HP Cloud Services¶
Stackato is available as a public server image on HP Cloud Services. You can run a single instance of the Stackato VM under the terms of the Micro Cloud License Agreement. If you intend to create a production Stackato cluster, contact ActiveState about Stackato Enterprise.
Initial Setup¶
- Log in to HP Cloud Services console. Choose an HP Cloud Compute region to run the Stackato server image. The image can be launched in any Availability Zone:
- Click Manage in the zone of your choice.
Security Group Settings¶
Before launching a Stackato VM instance, you will need to create a security group which exposes only the necessary network ports (or use/modify an existing group with the properties described below).
Security groups can be managed from the Cloud Services Console, nova commands, or API (supporting JSON and XML).
If you are using the HP Cloud Services Console, click Security Groups then the Add Group button. Specify a name (e.g. "stackato-micro") and a short description for the new group, then click Create.
If you are creating a cluster using only the Console, you must to expose ports 1/tcp through 65535/tcp to the entire 10.0.0.0/8 subnet (less secure) or do so for each IP address in the cluster explicitly.
Note
Harbor (Port Service) Node Configuration
The optional Harbor TCP/UDP port service must be set up on a node with a public network interface if you wish to enable port forwarding for user applications. The security group or firewall settings for this node should make the configured port range accessible publicly. See Harbor Setup for full configuration instructions.
Note
See Stackato port requirements for details on port usage.
python-novaclient¶
A more convenient way to configure security groups uses the python-novaclient command line utility to allow full port access only between hosts in the Stackato security group itself.
The HP Extended Python Novaclient is the recommended version to use with HP Cloud Services. The standard version is available from the Nova project page or via pip or pypm.
You will need to set up some local environment variables for nova to interact with your account. For example:
OS_USERNAME='admin@example.com' OS_PASSWORD='passwd' OS_TENANT_NAME='admin@example.com' OS_AUTH_URL=https://region-a.geo-1.identity.hpcloudsvc.com:35357/v2.0/ NOVA_VERSION=1.1 NOVA_REGION_NAME=az-n.region-a.geo-1
The following command would configure the Stackato security group to allow connections on all ports within the group:
# nova secgroup-add-group-rule Stackato Stackato --ip_proto tcp --from_port 1 --to_port 65535
See the HP Extended Python Novaclient page for a general overview.
Note
On 2012-05-28, HP Cloud Services reported a vulnerability in Nova API handling. When a security group is created that uses a protocol defined in the incorrect case (e.g. "TCP" rather than "tcp") it causes a later string comparison to fail. This leads to Security Groups not being set correctly.
Launching the Instance¶
Click Manage Servers and choose an HPCS server Flavor of at least standard.small (2GB memory).
Set the Security Group to the one created or modified above.
Under Install Image select the most recent ActiveState Stackato image available.
Leave the Key Pair as hpdefault (it won't be needed for the basic setup), and Instances as 1.
When ready, select Create to start the instance. The new Stackato instance should appear as "Active" under Running Instances within a few minutes. Take note of the Fixed Public IP. This will be used to configure DNS entries for Stackato.
Configuring DNS¶
Stackato requires DNS mappings to work properly in a cloud hosting environment.
For example, if you wanted your Stackato PaaS to be named "stackato-test" on your existing domain "example.com", you would insert the following in your DNS zone file:
stackato-test IN A 192.0.43.11
*.stackato-test IN CNAME stackato-test
The first line uses the Fixed Public IP address assigned by HPCS or a Floating Public IP that you have assigned to the Stackato instance.
The second line is a wildcard entry, used for "api" (the API Endpoint used by clients) and the sub-domains created for the applications deployed to Stackato.

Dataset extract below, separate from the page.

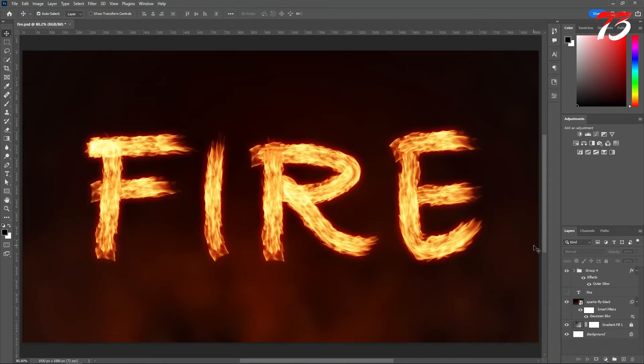Hey guys, in this video I want to show you how you can create this fire text effect in Photoshop. So let's get started.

If you don't have an existing domain, or want to test with an arbitrary domain, try using a dynamic DNS provider with wildcard sub-domain assignment (e.g. ChangeIP.com) or use xip.io to use a wildcard DNS name based on the IP address.
Configuring Stackato¶
Log in to the instance using ssh with the username stackato and default password stackato:
$ ssh [email protected]
Do not change the stackato password at this point - it will happen in the next step.
Use the kato utility to set the server's hostname and internal Stackato configuration to match the DNS name you are using. For example:
kato node rename stackato-test.example.com
Create Admin User¶
Copy the address set above into your web browser's address bar and load the page. The SSL certificate for the Stackato Management Console is self-signed, so you will need to manually accept this certificate in your browser. See the HTTPS section for information on using your own certificate.

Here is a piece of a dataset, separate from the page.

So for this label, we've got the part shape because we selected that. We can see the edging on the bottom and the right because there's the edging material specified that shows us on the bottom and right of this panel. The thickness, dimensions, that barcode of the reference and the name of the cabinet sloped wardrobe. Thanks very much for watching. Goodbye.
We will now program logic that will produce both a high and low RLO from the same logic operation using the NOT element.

The Stackato Management Console will prompt you to create the first admin user for the system. Set a username (an email address) and password, read and accept the Terms of Use Agreement, and click Complete Setup.
Note
The password you choose here becomes the login password for the stackato user on the VM (e.g. for ssh access).
Once you have created the first admin user, you can add additional users and groups, start pushing applications, and configure the system further using the Management Console.